Verinin enflasyonun düştüğü ve piyasalara kredilerin yüksek rakamlarda verildiği bir ortamda bu şekilde gelmesi bir yerlerde ciddi aksamaların olduğunun göstergesidir.
Bu aksaklıklardan en önemlisi sorunlu kredilerin sistemde oluşturduğu finansman problemidir.
Bu türde olan kredilerin temizlenmesi sistemin önünü açacak dolayısıyla da üretim ve yatırım ortamı daha yaşanabilir seviyelere yükselecektir.
Son dönemlerdeki faiz indirimlerinin sanayi üretimine pozitif bir yansıma gerçekleştiremediğine şahit oluyoruz.
Dolayısıyla faizdeki indirimlerin daha büyük oranlarda geldiği zaman bu yansımanın biraz daha iyi olacağını düşünebiliriz.
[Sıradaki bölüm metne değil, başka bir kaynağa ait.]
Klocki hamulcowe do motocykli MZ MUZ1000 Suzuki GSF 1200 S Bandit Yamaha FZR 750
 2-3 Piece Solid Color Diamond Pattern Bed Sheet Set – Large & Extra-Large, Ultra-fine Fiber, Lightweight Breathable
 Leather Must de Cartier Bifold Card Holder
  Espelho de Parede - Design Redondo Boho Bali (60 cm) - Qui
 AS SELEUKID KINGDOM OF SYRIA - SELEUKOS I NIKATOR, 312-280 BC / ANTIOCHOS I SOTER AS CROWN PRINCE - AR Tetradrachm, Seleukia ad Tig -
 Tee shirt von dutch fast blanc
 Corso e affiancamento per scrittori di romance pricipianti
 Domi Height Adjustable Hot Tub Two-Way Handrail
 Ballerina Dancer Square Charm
Çünkü faiz üretimin, ticaretin ve sanayi hayatının önündeki en büyük engeldir.
İşsiz sayısının artması sonucunu ortaya koyan sanayi üretimi düşüklüğü ülkemizdeki nüfusun yaş ortalamasına bakıldığında gençler üzerine çok çalışmamız zorunluluğunu da ortaya koyuyor.
Bundan ötürü gençliğin yenilikçiliğe çok ama çok fazla önem vermesi teknolojik gelişmelerden haberdar olması ve bu gelişmeleri üretime dönük kullanması ülke olarak bizim önümüzü açacak bir yaklaşımdır.
Özellikle global anlamda kullanılan yeni teknolojilerin uygulanması, kalkınmanın sürdürülebilir olması ve yapay zeka konusunda gençlerimizin normalin üzerinde mesailer harcaması ülkemizi bu kısır döngüden kurtaracak bir yoldur.
Dünya ekonomisiyle birlikte ülke ekonomimizin de ciddi bir kriz ortamından geçtiğini unutmadan hareket alanımızı belirlemeli ve daha derin bir dip olacağını da hiçbir zaman aklımızdan çıkarmadan yolumuza devam etmeliyiz.
Sanayi üretim rakamlarının böyle gelmesi 3. çeyrekte milli gelirin yönünü de olumsuz etkileyecektir.
Her zaman kuraldır üretim düşerse satış düşer; satış da düşerse gelir düşer.
Veya diğer bir ifadeyle talep varsa üretilir, talep yoksa üretilmez.
Biz talebin oluşabilmesi için gerekli ortamı ve şartları hazırlamalıyız ki üretim ortamımız rahatlasın ve istediğimiz oranlarda üretim yapıp üretimimizi artırabilelim.
Bunu yapabilmek için bütün kişi, kurum ve kuruluşlar sorumluluk alarak hareket etmelidir.